Après l'angoissant et paranoïaque Take Shelter, l'épique et magnifique Mud, puis le décevant et fumeux Midnight Special, Jeff Nichols a opté pour le classicisme et la mesure d'un film de commande: Loving. Scénario au cordeau, interprétation solide, voire massive, message humaniste: tours les ingrédients sont réunis pour faire de cette histoire "inspirée de faits réels" une œuvre honorable, irréprochable. Comment rester insensible face à ce couple composé d'une Noire et d'un Blanc, qui osent s'aimer et se marier malgré la loi et la société américaine d'avant les droits civiques? Comment ne pas partager la lutte tranquille, obstinée, des époux Loving pour l'égalité et l'amour? Sans tomber dans le pathos, le réalisateur parvient à nous captiver, si ce n'est à nous émouvoir. Quelques belles scènes de fuite nous rappellent que Jeff Nichols sait filmer les traques. Il sait aussi filmer les paysages: ici, ce ne sont plus les spectaculaires rives du Mississippi, mais les modestes saisons de Virginie.
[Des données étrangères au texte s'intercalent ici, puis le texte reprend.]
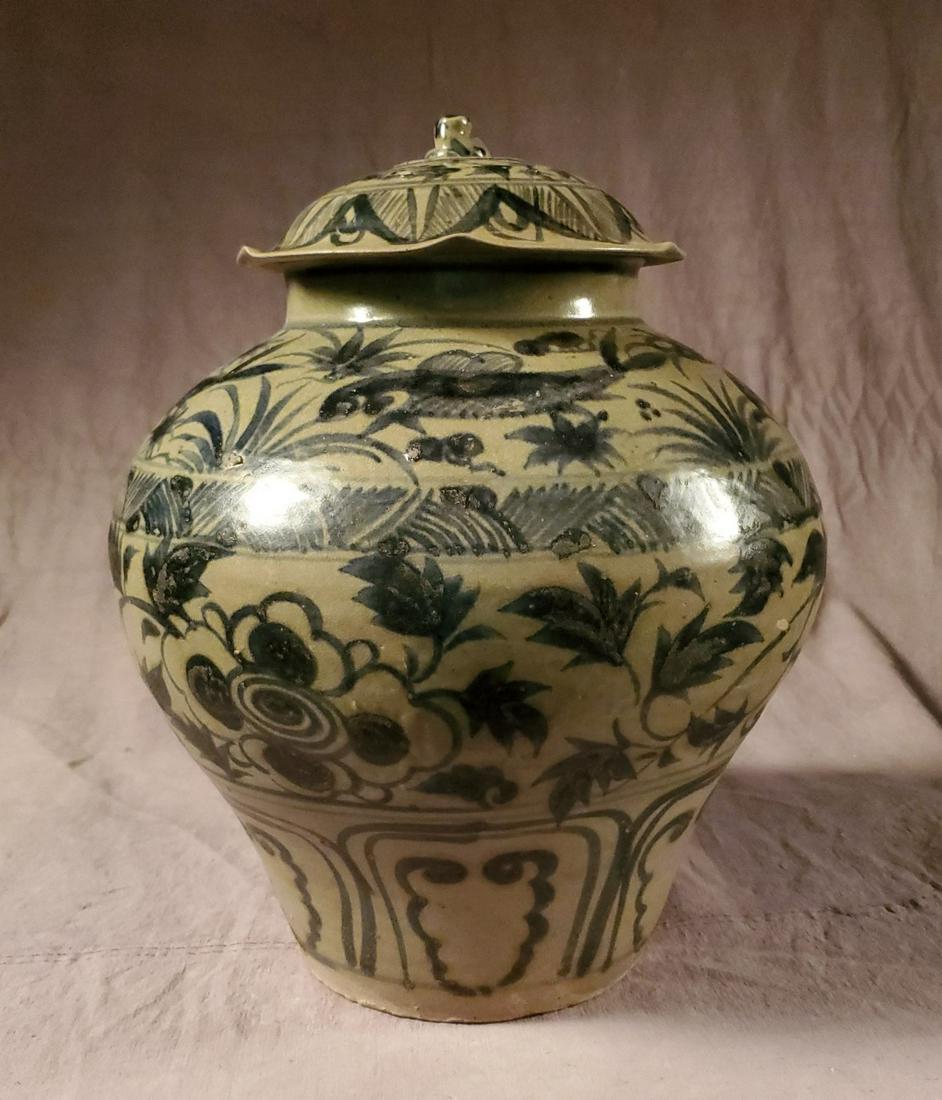 Ming Dynasty Underglaze Blue Lidded Vessel: Ming Dynasty Underglaze Blue Lidded Vessel. Potted in the southwest of China near the Vietnamese border. Fish, flora and pattern designs. Ming Dynasty c. 1368-1644 CE Dimension: 15" high A LIST OF REC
L'ensemble constitue une americana traditionnelle exaltant le territoire et la foi dans le rêve américain: l'amour et la raison triomphent.
Le plus intéressant est sans doute cette croyance inébranlable dans la victoire de la justice et de l'humanité: les avocats qui s'occupent de l'affaire Loving paraissent vaguement ridicules, voire incompétents, mais ils défendent une cause juste et noble qui, en Amérique, ne peut que vaincre.
Signalons que Michael Shannon n'a, pour une fois, ni les yeux exorbités, ni la mousse aux lèvres: il interprète un banal journaliste qui immortalise le vrai visage du couple. La meilleure séquence du film.